The system, developed by the National Kaohsiung University of Science and Technology, was tested for the first time on a 51km section of the TRA’s North Link Line that runs from Yilan County’s Suao Township (蘇澳) to Hualien County, the TRA said in a statement.
The administration was testing whether the system could detect objects on the tracks as a train traveling at various speeds approaches, it said.
Photo: CNA
The temporary speed restriction system works in tandem with “landslide detectors” to issue early warning signals to a train equipped with the automatic train protection system or the automatic train control system.

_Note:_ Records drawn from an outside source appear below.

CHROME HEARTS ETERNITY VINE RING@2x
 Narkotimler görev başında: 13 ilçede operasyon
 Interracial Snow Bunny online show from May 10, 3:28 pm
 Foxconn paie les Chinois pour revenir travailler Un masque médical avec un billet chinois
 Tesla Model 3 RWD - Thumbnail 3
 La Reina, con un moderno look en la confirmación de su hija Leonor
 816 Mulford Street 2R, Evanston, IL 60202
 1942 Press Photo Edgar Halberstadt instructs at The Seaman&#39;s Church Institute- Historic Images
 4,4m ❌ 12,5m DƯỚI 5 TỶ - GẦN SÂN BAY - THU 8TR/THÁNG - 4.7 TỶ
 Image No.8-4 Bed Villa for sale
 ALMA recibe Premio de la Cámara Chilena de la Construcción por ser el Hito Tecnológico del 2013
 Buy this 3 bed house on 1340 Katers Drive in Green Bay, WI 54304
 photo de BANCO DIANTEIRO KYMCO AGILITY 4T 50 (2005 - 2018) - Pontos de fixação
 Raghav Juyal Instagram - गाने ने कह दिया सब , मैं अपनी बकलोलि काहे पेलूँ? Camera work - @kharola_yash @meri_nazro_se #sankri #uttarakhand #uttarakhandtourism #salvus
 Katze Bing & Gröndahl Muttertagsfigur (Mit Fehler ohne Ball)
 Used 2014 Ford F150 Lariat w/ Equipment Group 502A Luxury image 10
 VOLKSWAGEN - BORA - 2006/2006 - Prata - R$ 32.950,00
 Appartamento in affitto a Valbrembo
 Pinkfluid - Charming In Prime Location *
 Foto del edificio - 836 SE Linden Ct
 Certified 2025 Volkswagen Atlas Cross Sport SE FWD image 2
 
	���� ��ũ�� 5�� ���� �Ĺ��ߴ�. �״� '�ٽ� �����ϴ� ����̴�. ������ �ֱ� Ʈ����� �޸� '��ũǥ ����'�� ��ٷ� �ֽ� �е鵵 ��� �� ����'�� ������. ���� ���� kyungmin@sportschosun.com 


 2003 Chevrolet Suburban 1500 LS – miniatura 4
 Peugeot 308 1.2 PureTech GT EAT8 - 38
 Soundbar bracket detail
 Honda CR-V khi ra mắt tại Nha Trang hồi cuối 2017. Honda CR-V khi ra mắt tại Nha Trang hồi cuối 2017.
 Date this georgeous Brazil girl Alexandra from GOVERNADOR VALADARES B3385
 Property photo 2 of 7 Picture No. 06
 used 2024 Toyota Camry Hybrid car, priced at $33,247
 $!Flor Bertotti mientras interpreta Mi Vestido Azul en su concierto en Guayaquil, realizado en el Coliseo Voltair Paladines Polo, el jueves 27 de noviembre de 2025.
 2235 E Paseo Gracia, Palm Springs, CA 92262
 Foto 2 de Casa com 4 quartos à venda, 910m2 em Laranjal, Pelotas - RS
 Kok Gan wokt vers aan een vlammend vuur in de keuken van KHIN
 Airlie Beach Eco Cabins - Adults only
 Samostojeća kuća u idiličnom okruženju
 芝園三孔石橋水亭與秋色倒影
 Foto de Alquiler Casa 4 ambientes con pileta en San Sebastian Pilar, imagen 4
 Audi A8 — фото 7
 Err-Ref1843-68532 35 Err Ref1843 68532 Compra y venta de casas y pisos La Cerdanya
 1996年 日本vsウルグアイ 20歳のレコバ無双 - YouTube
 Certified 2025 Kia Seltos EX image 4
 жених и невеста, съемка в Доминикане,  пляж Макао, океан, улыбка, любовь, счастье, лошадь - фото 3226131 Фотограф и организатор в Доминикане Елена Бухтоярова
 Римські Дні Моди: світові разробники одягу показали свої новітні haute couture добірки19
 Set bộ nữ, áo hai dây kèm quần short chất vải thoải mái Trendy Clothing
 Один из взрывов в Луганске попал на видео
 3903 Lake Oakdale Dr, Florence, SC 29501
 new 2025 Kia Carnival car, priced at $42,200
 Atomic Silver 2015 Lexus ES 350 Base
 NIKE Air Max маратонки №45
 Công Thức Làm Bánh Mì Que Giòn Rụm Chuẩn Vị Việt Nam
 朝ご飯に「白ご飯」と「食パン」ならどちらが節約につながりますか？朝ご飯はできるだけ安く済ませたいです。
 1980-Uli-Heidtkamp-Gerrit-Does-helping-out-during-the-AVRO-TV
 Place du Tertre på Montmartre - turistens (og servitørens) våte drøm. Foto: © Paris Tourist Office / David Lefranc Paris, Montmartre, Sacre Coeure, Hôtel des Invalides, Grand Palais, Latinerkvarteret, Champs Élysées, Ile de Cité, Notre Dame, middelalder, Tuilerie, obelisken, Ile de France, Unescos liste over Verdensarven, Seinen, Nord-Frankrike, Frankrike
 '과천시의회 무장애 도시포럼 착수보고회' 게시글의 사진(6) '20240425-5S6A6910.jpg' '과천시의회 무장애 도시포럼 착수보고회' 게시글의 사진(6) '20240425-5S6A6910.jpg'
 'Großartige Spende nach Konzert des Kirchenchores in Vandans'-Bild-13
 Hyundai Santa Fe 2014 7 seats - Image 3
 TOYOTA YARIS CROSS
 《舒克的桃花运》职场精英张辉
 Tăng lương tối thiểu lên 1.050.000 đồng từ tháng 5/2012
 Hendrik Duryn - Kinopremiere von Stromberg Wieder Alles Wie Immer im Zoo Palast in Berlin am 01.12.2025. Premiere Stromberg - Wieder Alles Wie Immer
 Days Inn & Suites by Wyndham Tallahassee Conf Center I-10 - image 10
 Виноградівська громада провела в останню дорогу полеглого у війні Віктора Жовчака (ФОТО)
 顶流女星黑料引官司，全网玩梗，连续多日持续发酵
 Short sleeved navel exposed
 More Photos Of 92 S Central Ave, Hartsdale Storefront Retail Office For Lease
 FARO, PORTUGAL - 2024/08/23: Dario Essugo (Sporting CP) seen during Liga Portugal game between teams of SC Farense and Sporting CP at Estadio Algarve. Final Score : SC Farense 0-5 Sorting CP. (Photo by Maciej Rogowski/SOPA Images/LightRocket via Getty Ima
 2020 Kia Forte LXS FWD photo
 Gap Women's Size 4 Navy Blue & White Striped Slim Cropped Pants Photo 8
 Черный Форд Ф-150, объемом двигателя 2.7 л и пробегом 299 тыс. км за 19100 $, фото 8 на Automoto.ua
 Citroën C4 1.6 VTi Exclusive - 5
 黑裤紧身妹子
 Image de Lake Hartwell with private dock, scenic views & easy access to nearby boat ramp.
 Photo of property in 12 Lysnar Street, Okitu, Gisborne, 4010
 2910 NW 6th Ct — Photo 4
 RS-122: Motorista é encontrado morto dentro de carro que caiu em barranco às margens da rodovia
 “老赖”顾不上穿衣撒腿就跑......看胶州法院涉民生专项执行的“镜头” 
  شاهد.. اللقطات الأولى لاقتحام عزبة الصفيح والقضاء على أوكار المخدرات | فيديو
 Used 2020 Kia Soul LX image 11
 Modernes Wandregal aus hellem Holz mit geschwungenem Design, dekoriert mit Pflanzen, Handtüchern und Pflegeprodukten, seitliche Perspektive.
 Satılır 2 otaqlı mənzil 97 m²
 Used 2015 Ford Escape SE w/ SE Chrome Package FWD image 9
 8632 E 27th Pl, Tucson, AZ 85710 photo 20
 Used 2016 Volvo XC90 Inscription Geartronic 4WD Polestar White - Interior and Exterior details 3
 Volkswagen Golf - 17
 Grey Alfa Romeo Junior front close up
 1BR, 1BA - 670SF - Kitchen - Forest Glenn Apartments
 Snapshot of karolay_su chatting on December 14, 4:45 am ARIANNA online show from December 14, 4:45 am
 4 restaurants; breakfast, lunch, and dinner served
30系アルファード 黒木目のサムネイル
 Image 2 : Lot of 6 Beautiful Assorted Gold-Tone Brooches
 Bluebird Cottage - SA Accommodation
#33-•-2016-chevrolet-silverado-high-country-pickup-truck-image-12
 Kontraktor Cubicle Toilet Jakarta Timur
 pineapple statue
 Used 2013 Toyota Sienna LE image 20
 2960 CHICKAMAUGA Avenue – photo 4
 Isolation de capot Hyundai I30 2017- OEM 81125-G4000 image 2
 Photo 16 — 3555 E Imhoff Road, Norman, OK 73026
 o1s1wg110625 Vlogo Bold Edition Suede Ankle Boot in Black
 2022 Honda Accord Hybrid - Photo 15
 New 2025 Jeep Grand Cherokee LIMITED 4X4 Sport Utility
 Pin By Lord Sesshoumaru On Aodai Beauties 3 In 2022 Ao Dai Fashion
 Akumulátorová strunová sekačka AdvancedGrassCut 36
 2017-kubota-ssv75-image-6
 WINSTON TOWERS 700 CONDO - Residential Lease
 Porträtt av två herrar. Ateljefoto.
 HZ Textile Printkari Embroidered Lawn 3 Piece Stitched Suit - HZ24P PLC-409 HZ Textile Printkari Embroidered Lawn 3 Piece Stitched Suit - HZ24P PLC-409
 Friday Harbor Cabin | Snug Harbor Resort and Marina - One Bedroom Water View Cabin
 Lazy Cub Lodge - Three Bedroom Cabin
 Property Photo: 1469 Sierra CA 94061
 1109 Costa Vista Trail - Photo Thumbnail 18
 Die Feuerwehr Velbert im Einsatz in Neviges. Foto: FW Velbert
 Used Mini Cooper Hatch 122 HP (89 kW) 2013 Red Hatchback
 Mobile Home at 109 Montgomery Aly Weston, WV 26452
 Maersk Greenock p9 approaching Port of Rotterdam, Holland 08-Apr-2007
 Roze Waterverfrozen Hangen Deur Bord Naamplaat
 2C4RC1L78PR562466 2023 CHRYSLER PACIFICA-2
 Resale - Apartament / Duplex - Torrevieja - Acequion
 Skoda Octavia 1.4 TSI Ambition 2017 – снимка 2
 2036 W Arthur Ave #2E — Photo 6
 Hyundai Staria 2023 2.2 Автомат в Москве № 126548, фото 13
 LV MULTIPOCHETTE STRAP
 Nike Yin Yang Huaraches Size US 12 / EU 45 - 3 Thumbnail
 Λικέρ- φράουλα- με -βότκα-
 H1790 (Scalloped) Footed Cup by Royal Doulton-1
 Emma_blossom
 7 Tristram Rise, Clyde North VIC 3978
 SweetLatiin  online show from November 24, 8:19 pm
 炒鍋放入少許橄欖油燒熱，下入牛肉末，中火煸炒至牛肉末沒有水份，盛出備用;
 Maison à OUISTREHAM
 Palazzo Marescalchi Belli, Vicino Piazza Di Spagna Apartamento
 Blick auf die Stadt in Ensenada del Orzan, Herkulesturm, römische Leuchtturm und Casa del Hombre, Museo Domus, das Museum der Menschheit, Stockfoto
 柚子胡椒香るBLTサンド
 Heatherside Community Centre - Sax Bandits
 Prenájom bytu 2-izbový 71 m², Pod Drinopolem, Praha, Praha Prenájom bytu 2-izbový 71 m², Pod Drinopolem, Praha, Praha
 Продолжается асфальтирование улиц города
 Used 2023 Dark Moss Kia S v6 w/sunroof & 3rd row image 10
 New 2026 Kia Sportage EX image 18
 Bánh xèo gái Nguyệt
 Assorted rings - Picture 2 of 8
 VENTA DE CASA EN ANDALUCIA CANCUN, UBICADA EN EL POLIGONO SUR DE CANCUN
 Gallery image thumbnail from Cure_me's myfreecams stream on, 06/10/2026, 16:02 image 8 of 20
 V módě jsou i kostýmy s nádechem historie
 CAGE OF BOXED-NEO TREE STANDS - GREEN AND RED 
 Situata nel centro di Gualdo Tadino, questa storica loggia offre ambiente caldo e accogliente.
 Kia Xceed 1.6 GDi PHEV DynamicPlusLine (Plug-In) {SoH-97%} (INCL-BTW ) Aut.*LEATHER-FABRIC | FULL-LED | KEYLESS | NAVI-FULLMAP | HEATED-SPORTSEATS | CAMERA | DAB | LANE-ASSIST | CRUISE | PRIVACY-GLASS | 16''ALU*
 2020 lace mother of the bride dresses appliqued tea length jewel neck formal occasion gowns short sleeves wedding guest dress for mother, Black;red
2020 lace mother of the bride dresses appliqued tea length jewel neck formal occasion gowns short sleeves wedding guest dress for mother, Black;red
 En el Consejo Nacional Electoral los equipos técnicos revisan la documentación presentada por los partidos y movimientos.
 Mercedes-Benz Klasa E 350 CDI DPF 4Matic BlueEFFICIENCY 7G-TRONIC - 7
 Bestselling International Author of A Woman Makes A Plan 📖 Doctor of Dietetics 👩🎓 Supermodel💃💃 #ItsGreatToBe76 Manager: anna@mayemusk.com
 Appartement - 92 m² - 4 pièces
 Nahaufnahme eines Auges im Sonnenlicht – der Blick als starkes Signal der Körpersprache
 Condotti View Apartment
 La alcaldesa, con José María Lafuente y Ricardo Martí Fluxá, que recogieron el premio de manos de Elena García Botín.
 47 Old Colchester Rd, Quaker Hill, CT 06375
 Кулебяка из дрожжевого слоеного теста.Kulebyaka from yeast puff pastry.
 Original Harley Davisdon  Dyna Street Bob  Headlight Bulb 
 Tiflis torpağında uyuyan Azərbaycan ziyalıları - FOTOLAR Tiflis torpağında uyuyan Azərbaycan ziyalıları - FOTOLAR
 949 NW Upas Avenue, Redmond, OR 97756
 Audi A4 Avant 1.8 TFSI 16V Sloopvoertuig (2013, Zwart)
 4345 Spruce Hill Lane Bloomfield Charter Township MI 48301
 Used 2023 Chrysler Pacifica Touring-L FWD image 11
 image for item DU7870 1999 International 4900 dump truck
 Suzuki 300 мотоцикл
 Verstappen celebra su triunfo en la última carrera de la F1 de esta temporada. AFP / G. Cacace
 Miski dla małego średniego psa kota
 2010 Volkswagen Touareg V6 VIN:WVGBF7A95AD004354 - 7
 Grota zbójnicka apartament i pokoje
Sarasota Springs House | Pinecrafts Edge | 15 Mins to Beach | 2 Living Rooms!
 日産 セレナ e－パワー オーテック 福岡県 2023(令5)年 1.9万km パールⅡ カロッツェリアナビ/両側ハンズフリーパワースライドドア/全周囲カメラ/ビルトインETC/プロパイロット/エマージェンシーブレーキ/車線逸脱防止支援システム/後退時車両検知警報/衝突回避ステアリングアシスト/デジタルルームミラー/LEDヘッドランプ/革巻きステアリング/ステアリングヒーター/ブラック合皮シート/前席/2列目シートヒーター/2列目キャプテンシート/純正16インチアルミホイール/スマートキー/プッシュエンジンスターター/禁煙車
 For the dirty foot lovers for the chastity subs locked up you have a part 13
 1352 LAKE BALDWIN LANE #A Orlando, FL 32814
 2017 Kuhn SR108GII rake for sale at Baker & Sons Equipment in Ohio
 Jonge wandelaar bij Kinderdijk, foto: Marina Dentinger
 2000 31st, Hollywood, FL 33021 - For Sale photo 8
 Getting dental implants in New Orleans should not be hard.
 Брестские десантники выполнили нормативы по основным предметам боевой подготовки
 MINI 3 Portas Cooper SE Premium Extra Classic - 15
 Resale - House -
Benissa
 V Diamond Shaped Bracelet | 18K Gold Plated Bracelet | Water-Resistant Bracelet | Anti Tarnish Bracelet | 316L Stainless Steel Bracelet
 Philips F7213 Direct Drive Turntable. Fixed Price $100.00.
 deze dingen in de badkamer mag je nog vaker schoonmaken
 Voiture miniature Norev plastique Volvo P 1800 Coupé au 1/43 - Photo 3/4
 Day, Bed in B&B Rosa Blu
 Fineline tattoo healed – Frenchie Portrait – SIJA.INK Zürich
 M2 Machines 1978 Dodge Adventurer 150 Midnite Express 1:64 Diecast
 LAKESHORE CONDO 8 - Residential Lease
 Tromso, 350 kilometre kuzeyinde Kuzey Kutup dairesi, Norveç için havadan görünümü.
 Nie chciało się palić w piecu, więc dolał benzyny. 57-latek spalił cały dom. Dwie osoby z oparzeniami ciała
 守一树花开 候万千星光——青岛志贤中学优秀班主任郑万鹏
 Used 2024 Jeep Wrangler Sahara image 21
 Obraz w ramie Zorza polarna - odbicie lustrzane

When an object is detected on the track, those systems would be alerted and automatically stop or slow a train as a precautionary measure, it said.
The speed restriction system is expected to be installed at 15 high-risk railway sections by the end of next year, the TRA said.
The system can also work with warning detectors such as those for rockslides, vehicle intrusion and level crossings, TRA Director-General Du Wei (杜微) said.
The system was developed in response to a deadly crash in Hualien County last year, when a Taroko Express train carrying 496 passengers derailed and crashed into the wall of a tunnel after hitting a crane truck that had tumbled down a hill onto the tracks. Forty-nine people were killed.
The incident was Taiwan’s deadliest rail crash in seven decades, prompting calls for train safety to be improved.